10 solutions schools can champion to address a national mental health emergency

More than 140,000 U.S. children lost a primary and/or secondary caregiver, with youth of color most heavily impacted
By: | October 21, 2021

The surge in students struggling with mental health concerns over the last few years has now reached crisis levels, a coalition of pediatricians, psychiatrists and hospitals warned education leaders this week.

Children and adolescents are suffering what equates to a national mental health emergency that is being fueled by the “enormous adversity and disruption” brought on by COVID-19 and the ongoing struggle for racial justice, says the declaration issued by the American Academy of Pediatrics, American Academy of Child and Adolescent Psychiatry, and Children’s Hospital Association.

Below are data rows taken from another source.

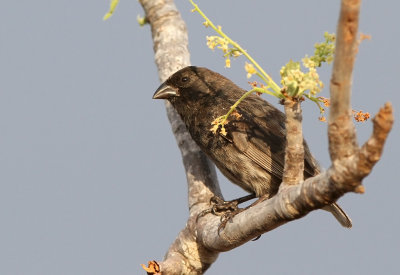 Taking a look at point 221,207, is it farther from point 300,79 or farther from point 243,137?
point 300,79

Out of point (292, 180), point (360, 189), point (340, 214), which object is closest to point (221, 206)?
point (340, 214)

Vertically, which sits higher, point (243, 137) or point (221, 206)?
point (243, 137)

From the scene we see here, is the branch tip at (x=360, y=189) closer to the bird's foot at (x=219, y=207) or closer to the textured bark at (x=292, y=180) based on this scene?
the textured bark at (x=292, y=180)

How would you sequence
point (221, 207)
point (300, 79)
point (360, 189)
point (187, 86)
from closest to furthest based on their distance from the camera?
point (360, 189) → point (300, 79) → point (221, 207) → point (187, 86)

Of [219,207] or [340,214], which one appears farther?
[340,214]

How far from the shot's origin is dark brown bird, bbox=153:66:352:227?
516cm

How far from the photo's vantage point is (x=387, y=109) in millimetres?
2439

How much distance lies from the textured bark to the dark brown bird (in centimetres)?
29

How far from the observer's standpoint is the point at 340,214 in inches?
210

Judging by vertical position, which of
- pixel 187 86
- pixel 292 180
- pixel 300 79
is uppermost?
pixel 187 86

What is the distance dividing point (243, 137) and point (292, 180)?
1.82m

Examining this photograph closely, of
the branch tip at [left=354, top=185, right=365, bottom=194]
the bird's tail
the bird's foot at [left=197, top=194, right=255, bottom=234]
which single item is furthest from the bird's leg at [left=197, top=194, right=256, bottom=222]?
the branch tip at [left=354, top=185, right=365, bottom=194]

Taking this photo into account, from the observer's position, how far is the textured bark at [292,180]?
2580 mm

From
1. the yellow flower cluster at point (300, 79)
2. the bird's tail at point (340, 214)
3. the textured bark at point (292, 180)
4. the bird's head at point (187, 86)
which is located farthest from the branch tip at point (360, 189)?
the bird's head at point (187, 86)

“We have witnessed soaring rates of mental health challenges among children, adolescents, and their families over the course of the COVID-19 pandemic, exacerbating the situation that existed prior to the pandemic,” the declaration says. “The inequities that result from structural racism have contributed to disproportionate impacts on children from communities of color,” they said.

Here are a few things school administrators need to know:

  • More than 140,000 U.S. children lost a primary and/or secondary caregiver, with youth of color most heavily impacted, the organizations say.
  • Rates of childhood mental health problems and suicide have were already rising substantially in the decade before COVID struck
  • In 2018, suicide became the second leading cause of death for Americans aged 10 to 24.
  • Since the COVID outbreak, emergency rooms have seen dramatic increases in visits for suspected suicide attempts and other mental health emergencies.
  • Treating the long-term impacts caused by soaring rates of depression, anxiety, trauma, loneliness and suicidality will require state, local and national leaders to take innovative action to improve the access to and quality of adolescent mental health care at all levels and across all communities.

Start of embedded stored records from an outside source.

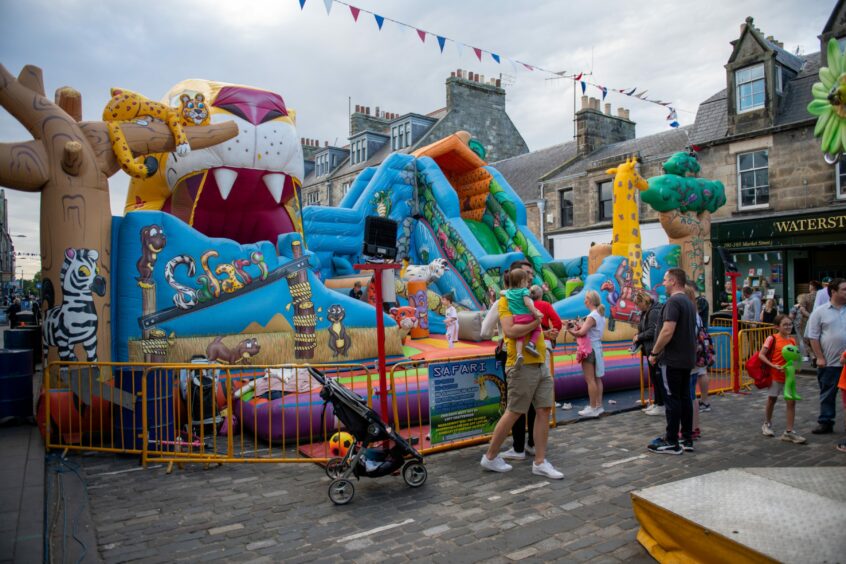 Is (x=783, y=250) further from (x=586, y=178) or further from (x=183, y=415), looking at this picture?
(x=183, y=415)

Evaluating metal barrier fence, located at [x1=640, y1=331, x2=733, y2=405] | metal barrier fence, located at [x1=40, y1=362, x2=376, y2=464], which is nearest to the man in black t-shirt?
metal barrier fence, located at [x1=40, y1=362, x2=376, y2=464]

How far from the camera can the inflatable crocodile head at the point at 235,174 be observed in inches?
368

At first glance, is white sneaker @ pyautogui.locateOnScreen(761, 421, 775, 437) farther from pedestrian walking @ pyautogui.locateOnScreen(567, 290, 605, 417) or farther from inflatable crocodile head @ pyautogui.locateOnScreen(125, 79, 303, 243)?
inflatable crocodile head @ pyautogui.locateOnScreen(125, 79, 303, 243)

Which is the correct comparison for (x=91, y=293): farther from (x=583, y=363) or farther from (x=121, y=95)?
(x=583, y=363)


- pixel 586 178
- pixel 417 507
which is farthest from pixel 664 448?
pixel 586 178

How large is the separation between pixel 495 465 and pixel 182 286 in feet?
15.5

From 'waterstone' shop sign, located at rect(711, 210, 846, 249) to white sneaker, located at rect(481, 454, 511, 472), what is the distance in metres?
15.7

“The pandemic has struck at the safety and stability of families,” the declaration says. “The challenges facing children and adolescents are so widespread that we call on policymakers at all levels of government and advocates for children and adolescents to join us in this declaration.”

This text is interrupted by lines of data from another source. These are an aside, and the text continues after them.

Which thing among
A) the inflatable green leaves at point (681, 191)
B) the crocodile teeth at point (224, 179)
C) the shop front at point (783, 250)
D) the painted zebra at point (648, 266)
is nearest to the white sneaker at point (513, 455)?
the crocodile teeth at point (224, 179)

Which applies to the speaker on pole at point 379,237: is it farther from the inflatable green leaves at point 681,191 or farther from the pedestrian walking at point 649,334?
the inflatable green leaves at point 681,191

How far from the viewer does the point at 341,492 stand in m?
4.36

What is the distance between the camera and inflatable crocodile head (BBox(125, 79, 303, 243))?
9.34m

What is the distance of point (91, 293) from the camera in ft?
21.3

Since the COVID outbreak, the nonprofit research organization Child Trends has been sharing steps school administrators can take to support students in distress, including expanding professional development for teachers in trauma-informed care and acknowledging that some communities have been hit harder by the events of the past 18 months.

This week’s declaration covers steps that federal, state and local policymakers can take to begin to address the problem. Here are 10 solutions school administration may want to advocate for:

  1. Increase federal funding to ensure all families and children have access to quality mental health treatment from infancy through adolescence. Particular emphasis must be placed on meeting the needs of under-resourced populations.
  2. Address regulatory challenges and improve access to technology to give all families have access to mental health care through telemedicine.
  3. Fund and expand effective models of school-based mental health care, including clinical strategies and models for payment.
  4. Accelerate adoption of models for integrated mental health care in primary care pediatrics.
  5. Strengthen emerging efforts to reduce the risk of suicide in children and adolescents through school- and community-based prevention programs.
  6. Fully fund comprehensive, community-based systems of care that connect families in need of behavioral health services with interventions in their home, community or school.
  7. Fund trauma-informed care services that support relational health and family resilience.
  8. Solve workforce shortage in child mental health by creating innovative training programs, college loan repayment, and intensifying efforts to recruit underrepresented populations into health care professions.
  9. Increase the number of hospitals and emergency beds available by expanding “step-down programs” from inpatient units, short-stay stabilization units, and community-based response teams.
  10. Advance policies that ensure compliance with and enforcement of mental health parity laws.